> _Brief_
Could you retype, exactly as written, every line from the top of the records through the line that contains "目のやり場に困るセクシーナー"?

> _Data provided_
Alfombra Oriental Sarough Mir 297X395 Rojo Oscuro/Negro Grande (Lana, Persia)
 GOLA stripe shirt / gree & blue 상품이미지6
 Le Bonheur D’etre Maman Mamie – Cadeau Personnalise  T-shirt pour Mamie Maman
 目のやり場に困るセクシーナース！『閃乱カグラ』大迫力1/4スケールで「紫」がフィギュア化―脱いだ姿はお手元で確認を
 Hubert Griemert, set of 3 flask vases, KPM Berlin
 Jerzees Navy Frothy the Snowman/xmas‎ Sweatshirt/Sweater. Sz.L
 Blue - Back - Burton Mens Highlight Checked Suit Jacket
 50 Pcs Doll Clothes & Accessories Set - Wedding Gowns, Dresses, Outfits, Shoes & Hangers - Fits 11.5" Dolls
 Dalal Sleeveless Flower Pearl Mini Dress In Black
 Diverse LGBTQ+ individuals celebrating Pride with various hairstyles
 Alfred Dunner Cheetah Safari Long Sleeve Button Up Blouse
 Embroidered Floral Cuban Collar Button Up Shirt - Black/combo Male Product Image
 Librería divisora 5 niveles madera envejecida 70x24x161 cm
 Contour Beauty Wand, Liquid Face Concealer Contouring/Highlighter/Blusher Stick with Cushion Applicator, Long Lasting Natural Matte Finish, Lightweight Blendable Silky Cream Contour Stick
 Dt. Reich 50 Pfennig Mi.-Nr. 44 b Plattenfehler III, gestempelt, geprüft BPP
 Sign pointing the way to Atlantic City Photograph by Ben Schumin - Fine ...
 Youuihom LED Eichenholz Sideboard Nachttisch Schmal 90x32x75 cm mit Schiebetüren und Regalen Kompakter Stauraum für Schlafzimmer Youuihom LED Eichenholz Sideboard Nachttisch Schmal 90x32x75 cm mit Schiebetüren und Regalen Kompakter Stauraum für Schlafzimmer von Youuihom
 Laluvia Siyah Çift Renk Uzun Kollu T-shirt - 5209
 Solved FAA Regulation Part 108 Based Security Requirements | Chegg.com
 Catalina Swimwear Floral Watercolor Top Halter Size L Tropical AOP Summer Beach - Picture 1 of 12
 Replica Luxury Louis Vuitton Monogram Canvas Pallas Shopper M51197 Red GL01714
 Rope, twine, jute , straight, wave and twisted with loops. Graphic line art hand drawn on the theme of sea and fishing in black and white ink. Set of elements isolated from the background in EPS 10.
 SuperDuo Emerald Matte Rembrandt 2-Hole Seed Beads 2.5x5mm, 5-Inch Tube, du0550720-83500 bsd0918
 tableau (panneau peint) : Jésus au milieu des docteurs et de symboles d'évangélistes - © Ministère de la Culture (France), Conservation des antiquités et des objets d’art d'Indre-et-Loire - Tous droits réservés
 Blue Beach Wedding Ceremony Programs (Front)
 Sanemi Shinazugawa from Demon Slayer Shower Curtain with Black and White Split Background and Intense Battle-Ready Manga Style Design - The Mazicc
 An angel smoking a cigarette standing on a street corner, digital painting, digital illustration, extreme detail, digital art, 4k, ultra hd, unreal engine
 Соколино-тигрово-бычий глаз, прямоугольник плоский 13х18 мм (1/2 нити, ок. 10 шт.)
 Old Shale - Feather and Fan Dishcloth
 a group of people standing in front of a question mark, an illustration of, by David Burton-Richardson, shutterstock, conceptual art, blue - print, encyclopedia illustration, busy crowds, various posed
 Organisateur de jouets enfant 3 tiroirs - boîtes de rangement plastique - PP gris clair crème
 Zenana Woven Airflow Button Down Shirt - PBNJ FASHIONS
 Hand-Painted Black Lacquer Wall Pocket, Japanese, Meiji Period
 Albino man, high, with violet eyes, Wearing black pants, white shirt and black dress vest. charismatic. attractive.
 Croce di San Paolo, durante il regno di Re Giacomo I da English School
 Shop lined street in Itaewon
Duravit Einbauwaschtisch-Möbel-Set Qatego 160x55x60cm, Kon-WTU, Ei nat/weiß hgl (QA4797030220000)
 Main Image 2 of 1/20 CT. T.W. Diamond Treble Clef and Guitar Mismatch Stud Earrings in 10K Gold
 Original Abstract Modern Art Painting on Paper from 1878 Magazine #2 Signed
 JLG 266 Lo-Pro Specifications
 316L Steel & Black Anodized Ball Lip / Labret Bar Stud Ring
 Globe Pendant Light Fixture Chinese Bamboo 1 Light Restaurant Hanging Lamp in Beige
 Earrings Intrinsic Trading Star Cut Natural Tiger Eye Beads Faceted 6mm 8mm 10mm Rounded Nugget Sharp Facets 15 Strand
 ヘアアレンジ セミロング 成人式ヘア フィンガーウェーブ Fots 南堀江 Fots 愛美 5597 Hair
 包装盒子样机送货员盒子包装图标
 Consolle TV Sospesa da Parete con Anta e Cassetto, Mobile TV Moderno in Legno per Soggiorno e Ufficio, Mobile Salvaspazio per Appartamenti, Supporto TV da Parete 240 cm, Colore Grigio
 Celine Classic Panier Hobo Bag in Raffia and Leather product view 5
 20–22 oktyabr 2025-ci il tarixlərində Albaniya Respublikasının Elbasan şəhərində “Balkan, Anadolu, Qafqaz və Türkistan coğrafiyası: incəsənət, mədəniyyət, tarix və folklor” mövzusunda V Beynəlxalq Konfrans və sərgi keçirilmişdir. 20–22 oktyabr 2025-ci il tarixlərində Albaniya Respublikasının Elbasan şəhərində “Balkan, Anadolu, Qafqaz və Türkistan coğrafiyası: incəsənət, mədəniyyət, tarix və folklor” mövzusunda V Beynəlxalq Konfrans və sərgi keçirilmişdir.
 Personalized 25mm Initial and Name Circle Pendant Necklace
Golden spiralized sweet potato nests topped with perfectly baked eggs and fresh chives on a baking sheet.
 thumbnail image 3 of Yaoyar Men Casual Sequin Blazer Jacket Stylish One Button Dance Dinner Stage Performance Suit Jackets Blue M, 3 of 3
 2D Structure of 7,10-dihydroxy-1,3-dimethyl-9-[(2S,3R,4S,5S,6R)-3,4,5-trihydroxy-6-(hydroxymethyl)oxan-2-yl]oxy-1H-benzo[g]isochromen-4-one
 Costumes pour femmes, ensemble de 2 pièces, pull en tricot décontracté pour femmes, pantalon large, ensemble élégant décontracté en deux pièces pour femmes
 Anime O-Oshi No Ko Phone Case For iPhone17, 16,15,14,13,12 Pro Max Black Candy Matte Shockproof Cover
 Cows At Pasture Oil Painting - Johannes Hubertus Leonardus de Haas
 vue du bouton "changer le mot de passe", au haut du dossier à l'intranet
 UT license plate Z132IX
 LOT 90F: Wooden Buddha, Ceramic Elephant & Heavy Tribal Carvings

> _Task result_
Alfombra Oriental Sarough Mir 297X395 Rojo Oscuro/Negro Grande (Lana, Persia)
 GOLA stripe shirt / gree & blue 상품이미지6
 Le Bonheur D’etre Maman Mamie – Cadeau Personnalise  T-shirt pour Mamie Maman
 目のやり場に困るセクシーナース！『閃乱カグラ』大迫力1/4スケールで「紫」がフィギュア化―脱いだ姿はお手元で確認を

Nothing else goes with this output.